Goals 2000 in the Home

Now that every state has accepted Goals 2000 money, in one way or another, it is time to take a closer look at what comes along with it.

Although it will probably be several years before all of the programs have been fully implemented in every state, the Parents as Teachers (PAT) program is already being instituted in many areas.

The phrase “parents as teachers” sounds wonderful. The teaching of our children is an appropriate, indeed necessary, role for parents. Unfortunately, many aspects of PAT have little to do with teaching our children. Instead, PAT includes a systematic invasion of family privacy in order to classify students as “at-risk.”

The more “at-risk” students a district has, the more funding it receives under one or more programs from the federal and/or state government. In fact, one school, in the Saddleback Valley Unified School District in Orange County, California—situated in one of the highest-income areas in the United States—represented in a grant application to the state government that all children in its school were “at risk.” That was an attempt to obtain more funding.

The Goals 2000 legislation provides, “Each application submitted shall, at a minimum, include assurances that a grantee will . . . (j) use part of the funds received under this title to establish, expand, or operate Parents as Teachers programs or Home Instruction for Pre-School Youngsters programs. . . . The federal ‘Parents as Teachers Programs’ is based on the Missouri Parents as Teachers model.”

Again, this is an innocuous-sounding program. So what is the source of concern? The PAT manual given to local teachers as part of their training provides as follows:

Beginning in the third trimester of pregnancy and continuing until children reached age three, MPAT participants received the following services: . . . Monthly personal visits in the home by professionally trained parent educators to individualize the program for each family.

The program, which was made mandatory for all school districts in Missouri in 1984, provides a “performance-based home visit observation tool.” The manual provides that “school districts may wish to measure child outcomes, parent outcomes, or both. . . . Parent interest and involvement in their child’s school experiences is also worth studying.”

What are these “parent educators” looking for? “Risk factors.” What are these “risk factors”? According to the manual, they include the following:

  • Inability of parent to cope with inappropriate child behavior.
  • Low-functioning parent. . . . Is the parent too ill, too heavy, too tired, or too depressed . . . ? Does the parent seem to have low-level intelligence or be mentally retarded?
  • Inability of parent to relate to or connect with child.
  • Overindulgence, undue spoiling on part of parent.
  • Undue stress that adversely affects parent’s functioning . . . These can include such things as a death in the family, divorce, separation, a parent that travels frequently, moving to a new home, birth of a sibling, three children under the age of three living in the home, prolonged illness in the family, loss of a job, low level of income, overcrowded conditions in the home, frequent arguing or conflict in the home, etc.
  • Other.

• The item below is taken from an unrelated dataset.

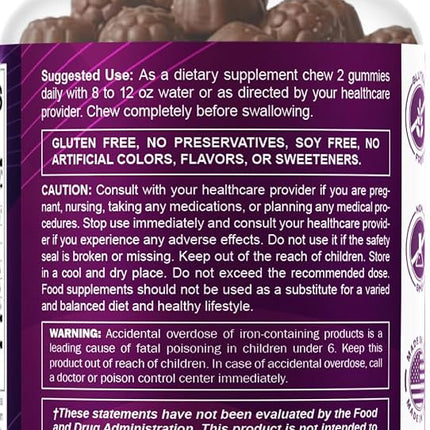 Vitamatic Iron 65 mg Gummies Supplement for Women & Men - 60 Vegan Gummies - Great Tasting Iron Gummy Vitamins with Vitamin C (1)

This can include a wide variety of conditions . . . such as allergies, heavy cigarette smoking in the house, a family history of hearing loss . . . lack of stimulation or overstimulation, predominantly inappropriate or very few toys, and total lack of routine in the home. Other individual concerns should be included here.

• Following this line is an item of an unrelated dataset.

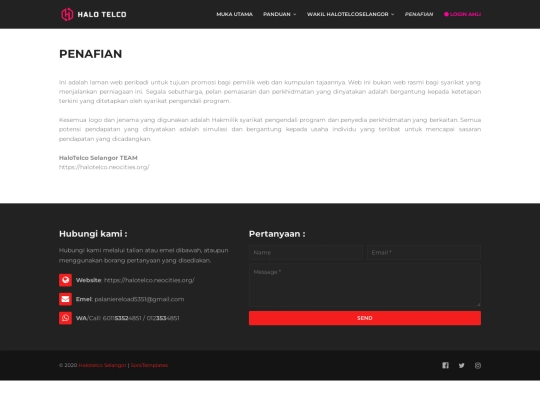 penafian screenshot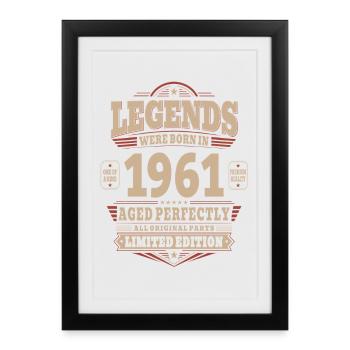 Cadeau de 65 ans Mari 1961 Vintage Rétro - Affiche encadrée (27 × 37 cm) - noir - Devant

If a government agency wants to, it could find one or more of those “risk factors” in just about any family in this country.

Why is this important? Besides leading to more money for the district for “at-risk” students, all of the information obtained is—under Goals 2000—sent to a national database that is available to a variety of government agencies, and private companies.

Not all of this information is being gathered for the good of our children.

Author

  • Gary G. Kreep

    At the time this article was published, Gary Kreep was executive director of the United States Justice Foundation, located in Escondido, CA.